The second purpose of the invention is realized by adopting the following technical scheme:

the detection method of the dynamic observation device based on the time series metagenome data comprises the following steps:

1) sample acquisition: acquiring human intestinal stool samples of the same individual at different time points and corresponding individual basic information; respectively carrying out gene extraction and sequencing on the intestinal flora of each sample, obtaining the intestinal flora information corresponding to each sample by a reference genome comparison and annotation method, and obtaining the relative abundance information of the intestinal flora;

2) preprocessing intestinal flora information: according to the relative abundance information of the intestinal flora obtained in the step 1), carrying out species filtration to screen out low occurrence frequency and low abundance species; after filtering, carrying out normalization processing, converting the data into a wide format data form, and then carrying out normalization processing on each species; finally, filtering the low fluctuation species to obtain candidate colonies to be analyzed;

3) calculating strain similarity: dividing the candidate colonies to be analyzed obtained in the step 2) into two groups, obtaining time sequences of two strains in each group of colonies, and performing stretching on the two sequences by using Dynamic Time Warping (DTW) analysis to obtain a new stretched sequence; then, correlation analysis is carried out on the new sequences by using Pearson to obtain correlation coefficients and corresponding P values of the two new sequences;

4) calculating the correlation of strains and translation time: taking one strain sequence X of the two new sequences obtained in the step 3) as a reference, translating the other strain sequence Y from negative to positive (from left to right) according to a unit time interval, and filling the sequence missing position according to a tail value; performing Correlation analysis by using Temporal Correlation Coefficient (CORT) to obtain a Correlation Coefficient after each translation; taking the Y sequence as a reference, and translating the X sequence to calculate a correlation coefficient; selecting the maximum value of the absolute values in all the correlation coefficients as the correlation degree of the correlation coefficients, wherein the positive and negative values of the corresponding correlation coefficients are the correlation directions, the corresponding translation positions are the translation time of the two sequences, and the positive and negative values indicate the front and back sequence of the two sequences;

5) and (3) calculating the flora interaction relationship: forming a flora interaction relation matrix according to the correlation coefficient of the two bacterial colonies obtained in the step 3) and the correlation coefficient and the translation time between the two bacterial colonies obtained in the step 4); summarizing the P value obtained in the step 3) and the correlation coefficient obtained in the step 4), setting standard values of the P value and the correlation coefficient, and screening out similar and related strain pairs which accord with the standard values to obtain a final flora interaction relationship network;

6) and (3) flora clustering and dimensionality reduction calculation: calculating the distance between every two strains by using a DTW (differential time warping) method based on the Euclidean distance to form a strain distance matrix; clustering the floras by using a hierarchical clustering method by using a strain distance matrix, and selecting a clustering number according to different distances; reducing dimensions by using a strain distance matrix and a principal coordinate axis analysis method to obtain a dimension reduction diagram and coordinate positions of each strain after dimension reduction;

7) the method comprises the following steps of (1) visualizing a flora interaction network and identifying key strains: drawing strain positions on the two-dimensional graph according to the strain positions subjected to dimensionality reduction obtained in the step 6), carrying out annotation distinguishing on strains according to clustering results, and finally drawing an interaction relation network among the strains according to the association strength, the association direction and the front-back sequence; and identifying key strains according to the interaction relationship network.

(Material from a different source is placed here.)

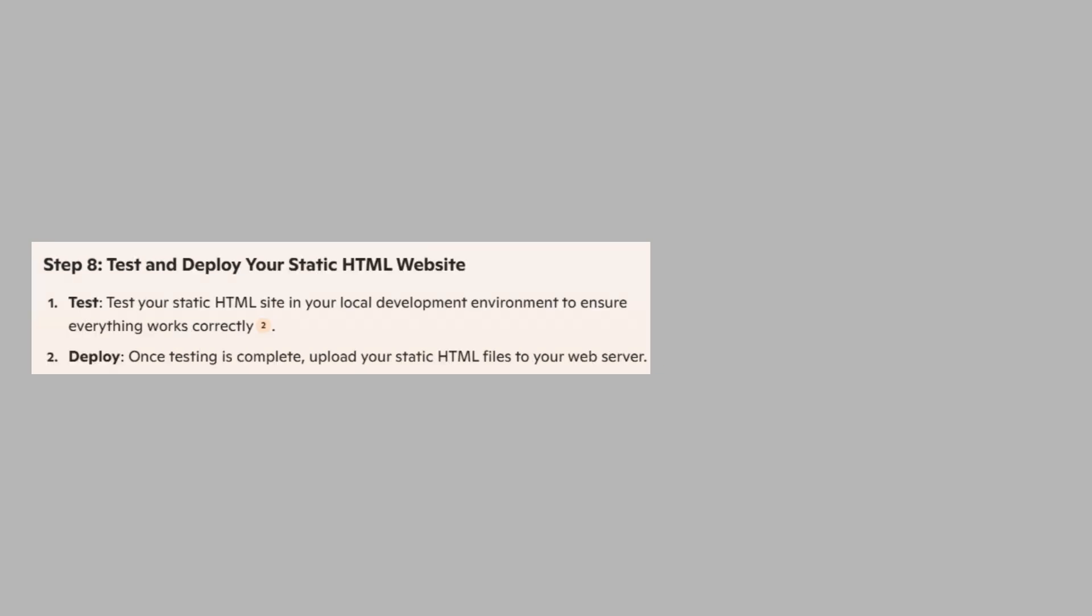Test your static HTML site in your local development environment to ensure everything works correctly. Once testing is complete, upload your static HTML files to your web server.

Further, in the step 1), the time point is more than or equal to 4. Metagenomic sequencing platforms and procedures can vary, but species relative abundance information needs to be obtained.

Still further, in step 2), the sum of the relative abundances of all species at all levels in each sample is 100%; the low-frequency species are strains appearing in 5% of samples, and the low-abundance species are the species with the 90 th percentile smaller than 1 in all samples of the species; after filtering, carrying out normalization treatment, and converting the relative abundance information matrix of the intestinal flora into a wide format data form, namely, each row represents one species, each column is a time point, and the columns are ordered according to the time sequence; then, each species is subjected to standardization treatment; low fluctuation species, i.e. species with a standard deviation of 0, are removed.

Further, in the step 3), selecting time sequences of two strains to be analyzed, and analyzing the distance and the path between the two strain sequences by using DTW (delay tolerant W); and (5) visually displaying the sequence similarity degree and the similarity direction. Stretching the two strain sequences according to the path, filling abundance information according to the stretched position, and obtaining a new stretched sequence; the correlation coefficients are the similarity coefficient, the similarity magnitude and the similarity direction.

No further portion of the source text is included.